__ACTION ITEM__. Return each entry word for word. Leave the images out.

Short descriptive text snippets:
+-------+
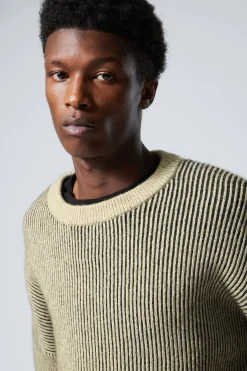 ZWEIFARBIGER STRICKPULLOVER AUS WOLLMISCHUNG|Weekday Sale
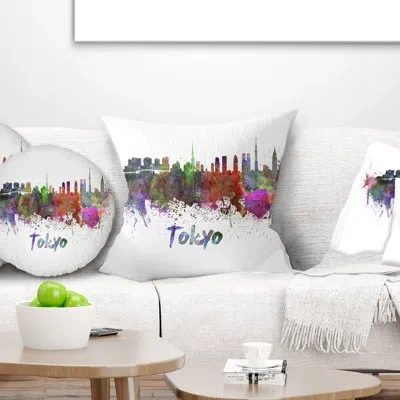 Design Art Tokyo Skyline - Cityscape Printed Throw Pillow In Yellow;purple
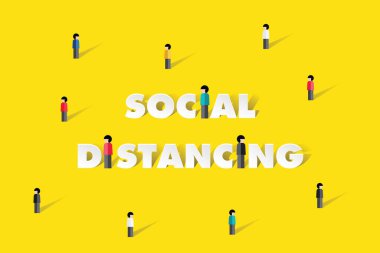 Sosyal mesafeli önleme Corona virüsü covid-19. Çizer Vektör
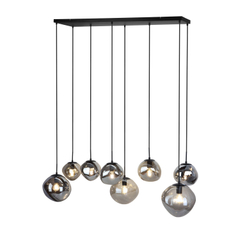 Hanglamp Macato zwart smoke glas 8-lichts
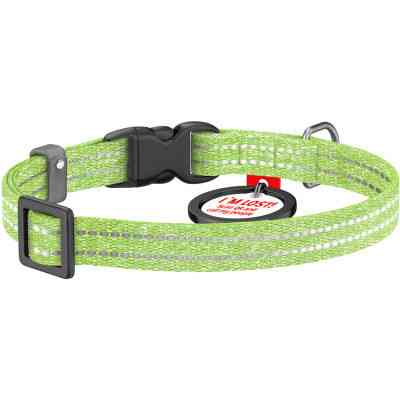 Нашийник для тварин WAUDOG Re-cotton з QR паспортом для котів та дрібних порід собак XS салатовий (16405) Вінниця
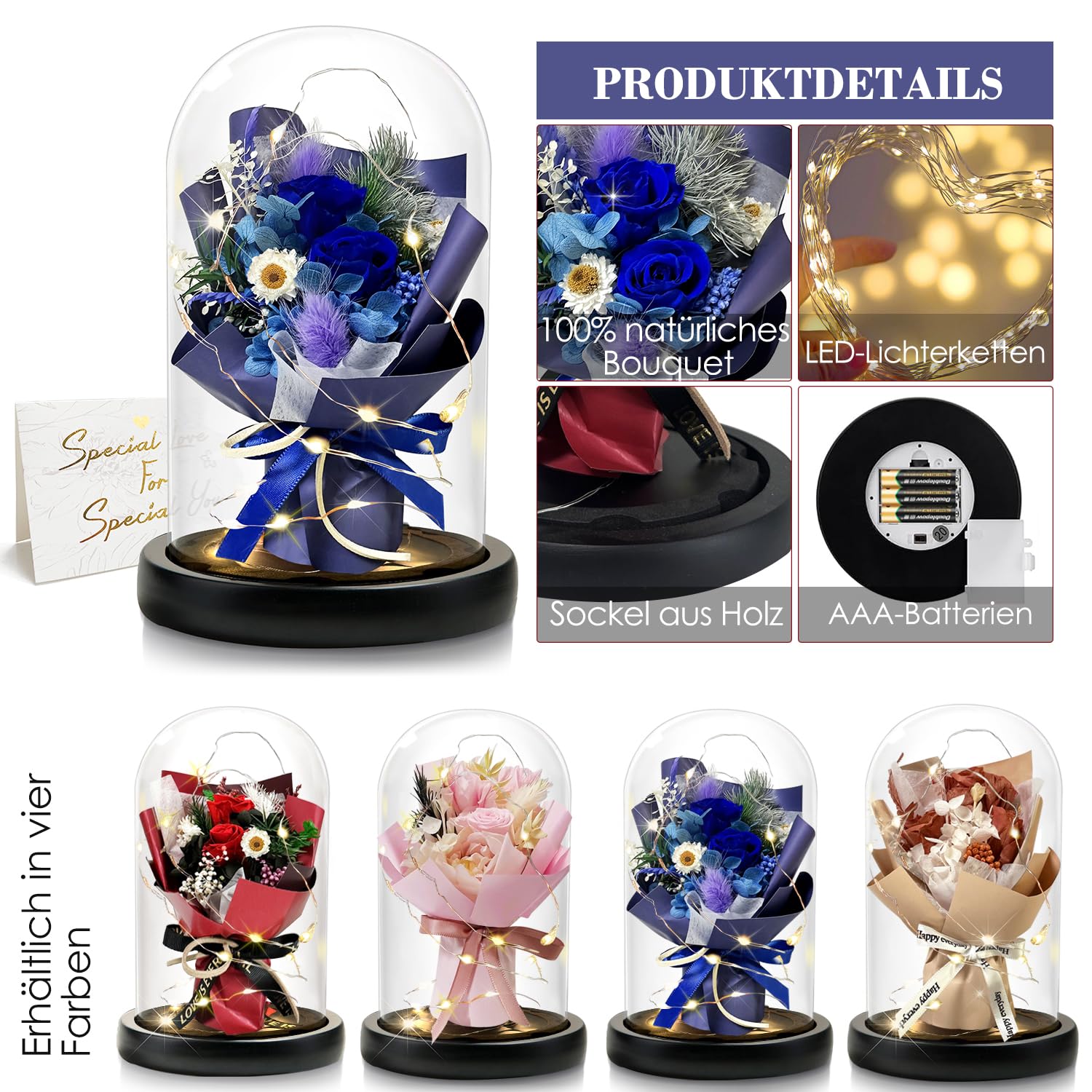 Regalo para mujeres, rosa eterna en cristal con LED, ramo de rosas azules, decoración para el hogar, flores reales duraderas para mamá, novia, esposa, abuela (azul)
+-------+
__RESPONSE AREA__.
 ZWEIFARBIGER STRICKPULLOVER AUS WOLLMISCHUNG|Weekday Sale
 Design Art Tokyo Skyline - Cityscape Printed Throw Pillow In Yellow;purple
 Sosyal mesafeli önleme Corona virüsü covid-19. Çizer Vektör
 Hanglamp Macato zwart smoke glas 8-lichts
 Нашийник для тварин WAUDOG Re-cotton з QR паспортом для котів та дрібних порід собак XS салатовий (16405) Вінниця
 Regalo para mujeres, rosa eterna en cristal con LED, ramo de rosas azules, decoración para el hogar, flores reales duraderas para mamá, novia, esposa, abuela (azul)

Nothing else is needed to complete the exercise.